In day to day living however, we are called to forgive. “Forgive us our trespasses as we forgive those who trespass against us” is what Jesus himself taught us to pray. We are reminded to forgive others because we all need forgiveness ourselves. How can we receive something we are not willing to give?
It is so very hard sometimes though, right? Forgiving someone who has betrayed you, lied to you, cheated you, or hurt you in any way is downright nearly impossible. The heart hurts and the head remembers. Asking for forgiveness is one thing, but forgiving someone else is another. But, to love is to forgive. Forgiving can also prove very freeing.
“To worry yourself to death with resentment would be a foolish, senseless thing to do.” Job 5:2
On the other hand, holding onto resentments can be paralyzing, counterproductive, and self-destructive. That’s when we need to turn not only to the person we are feeling resentful towards, but to God. It’s at those times, when we feel the most hurt and the most vulnerable, that we should ask God for healing. We need to ask Him to help us make peace with our anger, our hurt, and our broken spirit.
I am a very emotional and sensitive person. My feelings are hurt very easily and I often take things way too personally. When I’m hurt by someone, I’m hurt bad and have a hard time getting over it. I’m getting better and better at thinking “it’s not as bad as you think it is” but saying that and believing that wrestle in my head. Sometimes I just have to say “so what” and get on with life.
I also like to remember that I can either let a hurt make me bitter or make me better and that holding onto resentment ultimately hurts me more than the other person. More than likely, he or she has moved on and so must I. It’s the healthy thing to do and it’s the right thing to do, even if I haven’t received the apology I was hoping and waiting for.

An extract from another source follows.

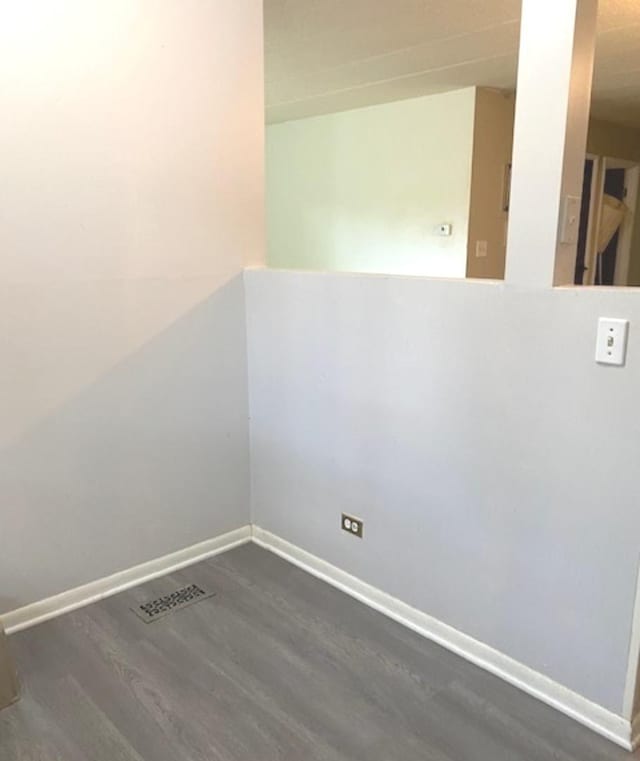 unfurnished room featuring dark hardwood / wood-style flooring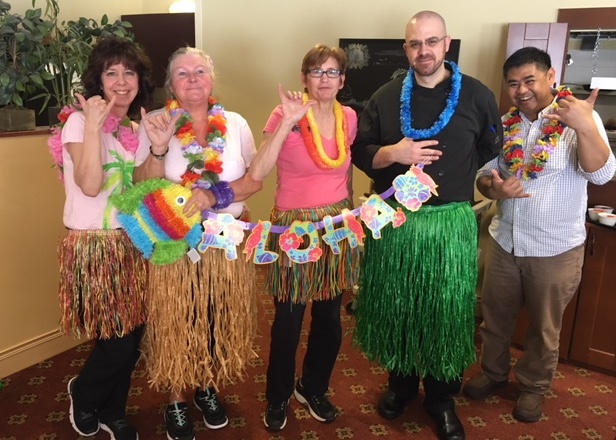 Team members dressed up for a Hawaiian luau.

Forgiving doesn’t have to mean minimizing the seriousness of the offense. That’s the problem many of us, including me, have with forgiving. We think that by forgiving, we are justifying the hurt. That is not the case. Don’t ever say it doesn’t matter when it does and don’t ever let someone keep hurting you again and again. Forgiving someone also doesn’t necessarily mean a relationship reverts to its original state. It just means you are bigger than the hurt caused you. Being forgiving and being tolerant are two different things. Forgiveness is something you can do privately and not involve the other person. Reconciliation, however, takes two. Both sides need to be open to apologizing and open to forgiving.
“Apologizing doesn’t always mean you are wrong and the other person is right. It just means you value your relationship more than your ego.”
Apologizing. Yet another big word and one whose meaning we long to avoid for life. Don’t fool yourself though. You will need to apologize many, many times so you might as well do it right. Never ruin an apology with any type of excuse. “I’m sorry I lied, but…” just won’t cut it. Sincerely and honestly own up to your mistakes and transgressions. Whoever you’re apologizing to will see right through any transferring of blame and disingenuousness. If you don’t mean it and have no plans to make true and effort-filled amends, don’t say it at all.
When offering an apology, you must show genuine repentance, offer to make up for the hurt you’ve caused, and then work on rebuilding trust, which is sometimes as easy as forgiving. Once trust is lost, it’s difficult to get it back but, it’s not impossible.
“It is an insult to Go to think your sins are greater than His mercy,” Mother Angelica
If no sin is too big for even God to forgive upon reconciliation, we should all find a way to forgive others and even ourselves. As Pope Francis said, “we are all sinners. The problem isn’t being a sinner. The problem is not repenting of our sins. Not being ashamed of what we have done, that’s the problem. “
Shame. Another short yet very big word. We don’t like shame and we certainly don’t like to admit being ashamed of our actions. We also don’t like to ask for forgiveness for those actions. But, just like letting go of resentments is freeing, so is asking for forgiveness.
Forgiveness. Do it and ask for it. Others and God are waiting.